I think it's fair to say we weren't expecting this one. From CNNMoney:
Hiring slumped in December though the economy created 2 million jobs for the second straight year, the government said Friday, in a reading that was mostly weaker than Wall Street had expected.
The economy created 108,000 jobs last month, compared with a revised gain of 305,000 jobs in November, the Labor Department reported. The December gain was the smallest of the year aside from September and October, when Hurricane Katrina slowed hiring.
Kash thinks the report is disappointing, but it's awfully hard to focus on that 108 number in isolation of the 305 number -- or to be very confident about what the next set of revisions will bring. In any event, the people in the MSM Rolodexes seem pretty clear about what it all means.

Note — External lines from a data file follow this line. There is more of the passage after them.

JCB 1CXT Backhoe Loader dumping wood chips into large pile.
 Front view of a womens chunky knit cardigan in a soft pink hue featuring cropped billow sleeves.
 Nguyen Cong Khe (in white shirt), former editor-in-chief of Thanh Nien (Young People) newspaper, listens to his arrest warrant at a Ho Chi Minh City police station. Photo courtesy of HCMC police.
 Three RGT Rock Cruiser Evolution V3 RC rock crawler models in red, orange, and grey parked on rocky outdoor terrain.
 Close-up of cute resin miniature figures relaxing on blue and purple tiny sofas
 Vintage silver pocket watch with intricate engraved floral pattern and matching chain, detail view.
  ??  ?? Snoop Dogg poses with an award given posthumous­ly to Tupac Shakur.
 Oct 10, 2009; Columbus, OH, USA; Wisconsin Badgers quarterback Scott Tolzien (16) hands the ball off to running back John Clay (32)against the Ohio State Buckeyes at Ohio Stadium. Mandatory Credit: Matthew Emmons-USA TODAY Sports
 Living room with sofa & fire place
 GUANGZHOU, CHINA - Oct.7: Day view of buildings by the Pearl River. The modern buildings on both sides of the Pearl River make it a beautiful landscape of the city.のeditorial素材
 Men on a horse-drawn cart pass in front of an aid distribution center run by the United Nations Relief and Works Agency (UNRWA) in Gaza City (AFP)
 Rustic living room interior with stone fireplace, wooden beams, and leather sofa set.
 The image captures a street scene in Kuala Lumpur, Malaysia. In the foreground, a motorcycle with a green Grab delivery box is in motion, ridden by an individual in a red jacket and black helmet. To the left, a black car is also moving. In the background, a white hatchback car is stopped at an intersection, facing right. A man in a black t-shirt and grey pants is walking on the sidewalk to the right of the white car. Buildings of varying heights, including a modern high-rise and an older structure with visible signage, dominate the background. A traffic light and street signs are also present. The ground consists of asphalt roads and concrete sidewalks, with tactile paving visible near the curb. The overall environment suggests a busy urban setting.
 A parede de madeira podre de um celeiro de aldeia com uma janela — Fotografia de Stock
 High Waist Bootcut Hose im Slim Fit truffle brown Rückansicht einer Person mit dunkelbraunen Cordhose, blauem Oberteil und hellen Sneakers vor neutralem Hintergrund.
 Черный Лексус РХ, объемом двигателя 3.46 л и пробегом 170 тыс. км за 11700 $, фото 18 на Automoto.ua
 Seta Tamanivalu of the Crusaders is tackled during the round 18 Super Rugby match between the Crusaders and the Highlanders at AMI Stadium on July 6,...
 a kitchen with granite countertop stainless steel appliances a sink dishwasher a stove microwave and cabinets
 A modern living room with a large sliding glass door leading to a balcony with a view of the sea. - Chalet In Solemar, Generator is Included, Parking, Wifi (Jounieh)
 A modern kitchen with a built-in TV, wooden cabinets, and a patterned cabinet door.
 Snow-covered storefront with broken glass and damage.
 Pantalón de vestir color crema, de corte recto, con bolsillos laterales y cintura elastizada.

Again, from CNNMoney:
... the revision to November job growth and the higher-than-expected wage growth could mean the Fed will raise rates at its meeting in March as well.
Anthony Chan, senior economist with JPMorgan Asset Management, said that he believes that overall the job report makes an end to rate hikes more likely.
"This report makes the Federal Reserve graceful exit from the policy arena a lot more palatable," he said. "It's difficult to argue that the Fed has much more heavy lifting left."
Analysts said the latest jobs data meant odds were rising that the Federal Reserve was near ending the rate-rise cycle it initiated in mid-2004. The U.S. central bank has raised the federal funds rate 13 times to 4.25 percent.
"The report is probably a shade on the weak side and it increases the chance that the Fed is more likely to stop raising rates at 4.75 percent at the middle of the year, rather than going higher," said Cary Leahey, senior managing director at Decision Economics in New York.
"These figures suggest that growth is stable but not extremely strong," said Nigel Gault, head of US research at Global Insight, a consultancy. "These figures should add to the conviction in financial markets that the Fed will soon be able to stop raising rates. "
So, the Fed will be impressed enough to put an end to rate hikes due to "the revision to November job growth", or because the report was "a shade on the weak side", or because job "growth is stable but not extremely strong." Sounds like a consensus.
UPDATE: Barry Ritholtz agrees with Kash: "Labor Markets Continue to Underperform." General Glut calls US job growth "amazingly weak." pgl still frets that the employment-population seems stuck in the mud. Mark Thoma concurs that the labor market is "not as robust as would be expected in a recovery." But Calculated Risk suggests that growth for 2005 "seems solid." And The Skeptical Speculator has this, from Reuters: "Overall, the employment figures imply a relatively strong hiring outlook."
Tim Duy breaks down what it all might mean for monetary policy. Michael Mandel maintains his lonely focus on wages in the tech sector, and likes what he sees.